Facing an inventory glut reminiscent of 2008, some Chevrolet and GMC dealers say they have an excessive number of Silverado and Sierra pickups in stock.
Chevrolet admits that its cars are taking market share from its trucks, although positive numbers for nearly all of its remaining four brands' products make things look pretty cheery in Detroit.
Sales are up 22 percent for the Sierra (to 67,598) and 10 percent for the Silverado (182,785), but they're still off of what many dealers were expecting.
"We thought that this year would bring back the kind of economic activity that would translate into us selling more trucks," Mark Frost, the general manager of Jim Ellis Chevrolet in Atlanta, said in a phone interview with Bloomberg. "It's not happening."
Jim Ellis has more than six months' worth of supply, an inventory level that Frost says is a "little scary."

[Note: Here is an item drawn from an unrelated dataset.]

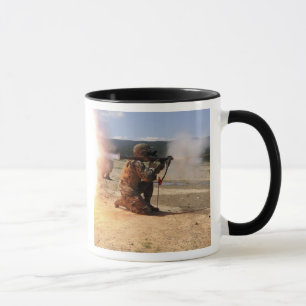 En assaultman avfyrar raket framdriven granat mugg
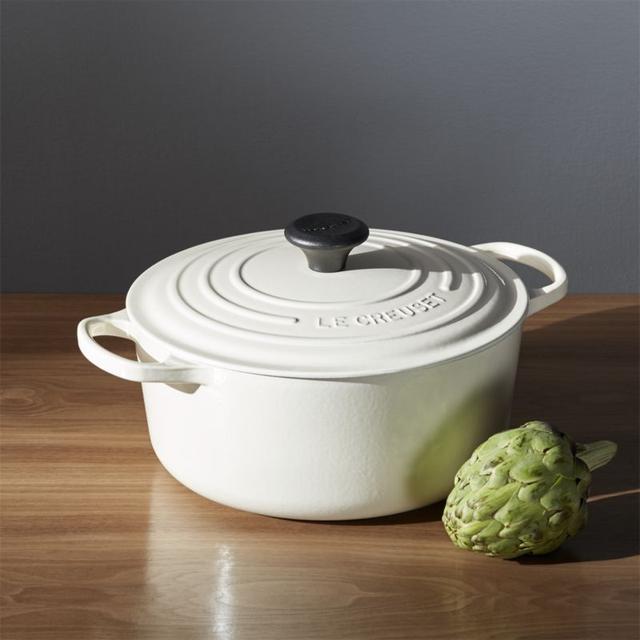 Le Creuset ® Signature 5.5 qt. Round Cream French Oven with Lid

Overall, GM has about 280,000 Silverados and Sierras on dealer lots across the country - more than it sold in the first six months of 2011. As a result, GM says that inventory is at a 122 day supply level, about double what it is for most of its lineup. GM says it would prefer to keep trucks somewhere around 100 days, but even that figure is about two weeks higher than the competitive Ford F-Series' 79 days, not to mention the 78 days GM ran for its trucks on average from 2002 to 2010.
Trucks typically average more days in inventory because of the seemingly limitless number of body and powertrain configurations they offer. As a result, dealers will often keep many in inventory so customers aren't forced to take their money elsewhere. Still, GM's inventory is growing at a much more rapid rate than Ford's, even though the two brands are seeing similar growth rates.
Naturally, analysts who have been closely watching GM's stock, are a bit nervous.
"It's unbelievable that after this huge taxpayer bailout and the bankruptcy that we're right back to where we were," said Peter Nesvold of Jeffries & Co.
"Is GM falling into old, bad habits?" Nesvold asked in a research note shared with analysts.
The automaker says it isn't back to its 2008 ways of building way too many vehicles and selling them at hefty discounts. Sales might be up 10 percent for both the Silverado and the top-selling F-Series, but that doesn't mean that pickup truck sales are at the level they once were. As a result, GM has dialed back production in Indiana and Michigan and analysts suggest that the automaker might be forced to tack on big incentives to its trucks during the third quarter of the year.